Records to use |
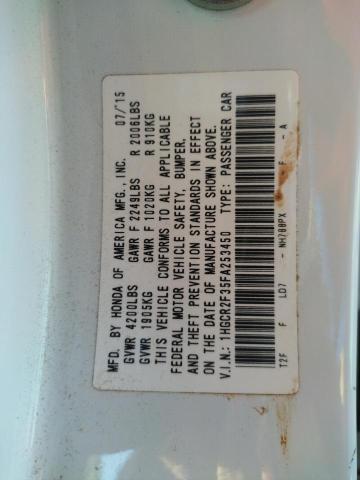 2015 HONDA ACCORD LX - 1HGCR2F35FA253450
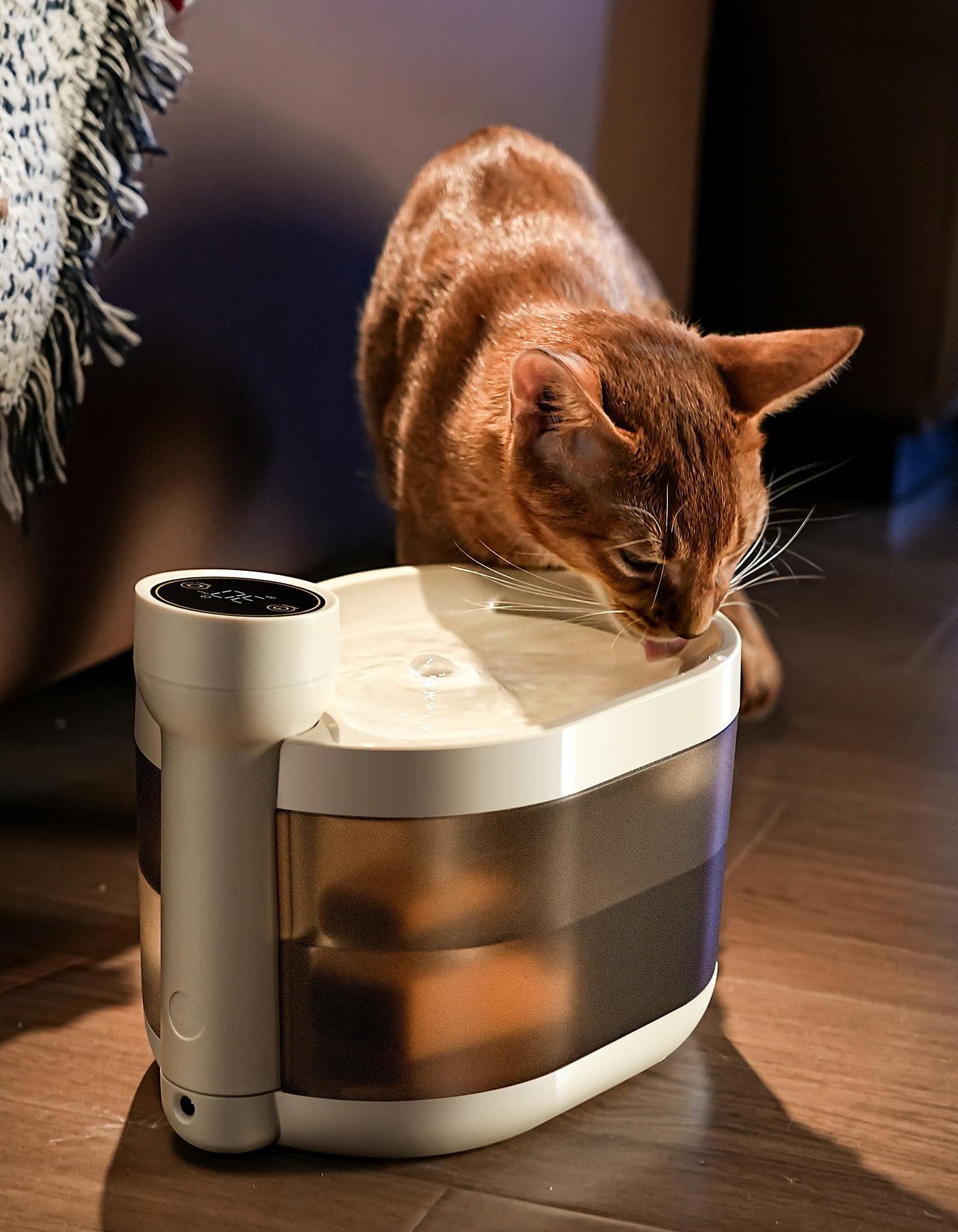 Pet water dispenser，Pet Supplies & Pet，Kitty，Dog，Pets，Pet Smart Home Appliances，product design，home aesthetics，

==

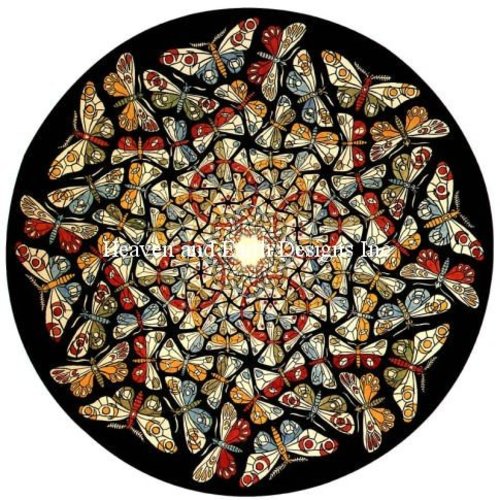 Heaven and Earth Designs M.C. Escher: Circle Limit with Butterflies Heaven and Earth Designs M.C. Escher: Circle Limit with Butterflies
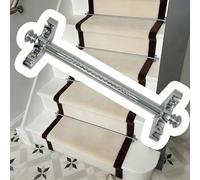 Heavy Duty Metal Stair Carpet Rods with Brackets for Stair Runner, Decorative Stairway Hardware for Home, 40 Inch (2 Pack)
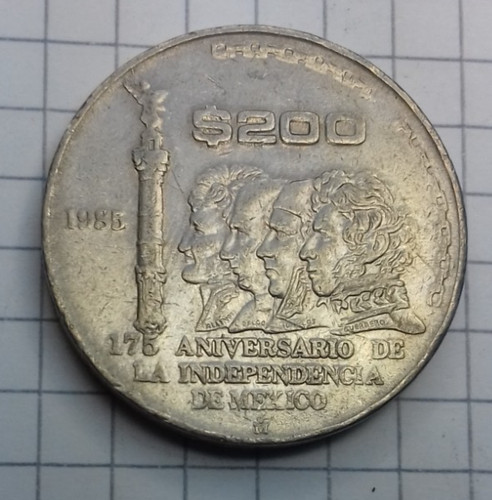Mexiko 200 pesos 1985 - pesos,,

Exercise instructions | Output only the lines above from the line that holds "2015 HONDA ACCORD LX - 1HGCR2F35FA253450" through the line that holds "Pet water dispenser，Pet", both ends included, and exclude pictures.

Task result |
 2015 HONDA ACCORD LX - 1HGCR2F35FA253450
 Pet water dispenser，Pet Supplies & Pet，Kitty，Dog，Pets，Pet Smart Home Appliances，product design，home aesthetics，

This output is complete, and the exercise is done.